Daughter of the King of Hungary Andrew II and Gertrude of Merano, at the age of 14 she is married to Loudovic IV of Thuringia. She is very princely dressed, not to offend her husband, but she keeps her heavenly spouse near her by “penance” and serves him by helping widows, children, the sick, prisoners. Mother at 15 years old, at 20 she is already a widow with three children. After the death of the husband in 1227, because of the plague, she refuses to remarry and she retires subsequently in two castles, but in the end she chooses a modest home in Marburg (Germany) where, in 1227, she built a hospital that she maintains with her resources – which impoverished her totally- where she dedicates herself entirely to the care of the poor and the lepers. She accepts the poverty that came and works the wool or even begs alms to help others. Her choice of poverty unleashes the fury of her brothers-in-law who even manage to deprive her of her children. She integrates herself into the Third Franciscan Order, thus dedicating herself to the most destitute, by visiting ill people twice a day and by assuming the most humble tasks.

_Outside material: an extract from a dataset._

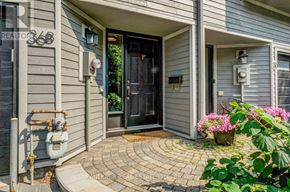Ottawa townhouse for rent - A house numbered 368 with a black door and a grey siding.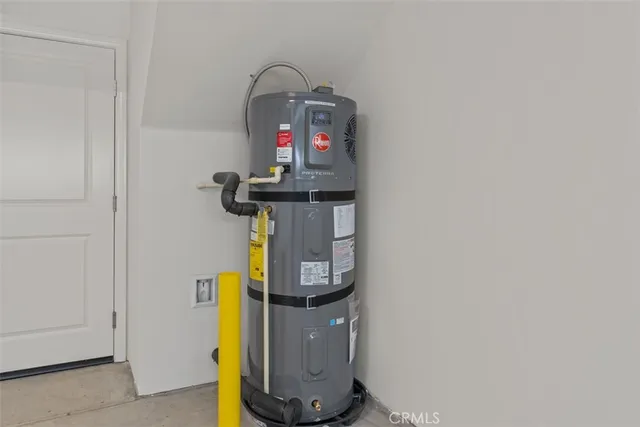 a room with a mirror and a wooden floor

One does not speak of her as a beguine, but we can assume that before she joined the Third Order she had these characteristics.
She was famous for the splendour of her miracles and her charitable works spread throughout the centuries. She dies in Marburg on November 17, 1231 and was canonized by Pope Gregory IX in 1235. Her worship will be fixed on the day of her death.
She is often chosen as patroness of beguinages, as for example by that of Antwerpen (Antwerp-Belgium)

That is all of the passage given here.